Exercise details: Repeat, exactly as written, the lines of the records below from the first through the line with "Topec 26 Pcs", but none past it.

Source material:
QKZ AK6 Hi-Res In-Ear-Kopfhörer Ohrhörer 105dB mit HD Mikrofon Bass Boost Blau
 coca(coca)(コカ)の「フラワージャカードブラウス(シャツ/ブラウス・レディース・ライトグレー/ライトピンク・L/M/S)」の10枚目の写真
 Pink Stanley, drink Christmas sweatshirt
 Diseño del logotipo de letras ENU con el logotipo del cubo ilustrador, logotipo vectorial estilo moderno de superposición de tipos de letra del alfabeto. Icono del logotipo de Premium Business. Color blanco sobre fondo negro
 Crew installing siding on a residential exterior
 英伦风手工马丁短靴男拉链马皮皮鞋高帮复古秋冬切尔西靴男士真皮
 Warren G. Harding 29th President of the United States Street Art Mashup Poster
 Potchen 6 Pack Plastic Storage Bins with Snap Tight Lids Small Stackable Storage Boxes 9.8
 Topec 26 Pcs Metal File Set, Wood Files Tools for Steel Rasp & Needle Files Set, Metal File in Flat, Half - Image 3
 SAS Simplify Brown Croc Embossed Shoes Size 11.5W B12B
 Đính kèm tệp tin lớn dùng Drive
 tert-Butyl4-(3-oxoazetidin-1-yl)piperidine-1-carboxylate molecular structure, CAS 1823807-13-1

Result of the exercise:
QKZ AK6 Hi-Res In-Ear-Kopfhörer Ohrhörer 105dB mit HD Mikrofon Bass Boost Blau
 coca(coca)(コカ)の「フラワージャカードブラウス(シャツ/ブラウス・レディース・ライトグレー/ライトピンク・L/M/S)」の10枚目の写真
 Pink Stanley, drink Christmas sweatshirt
 Diseño del logotipo de letras ENU con el logotipo del cubo ilustrador, logotipo vectorial estilo moderno de superposición de tipos de letra del alfabeto. Icono del logotipo de Premium Business. Color blanco sobre fondo negro
 Crew installing siding on a residential exterior
 英伦风手工马丁短靴男拉链马皮皮鞋高帮复古秋冬切尔西靴男士真皮
 Warren G. Harding 29th President of the United States Street Art Mashup Poster
 Potchen 6 Pack Plastic Storage Bins with Snap Tight Lids Small Stackable Storage Boxes 9.8
 Topec 26 Pcs Metal File Set, Wood Files Tools for Steel Rasp & Needle Files Set, Metal File in Flat, Half - Image 3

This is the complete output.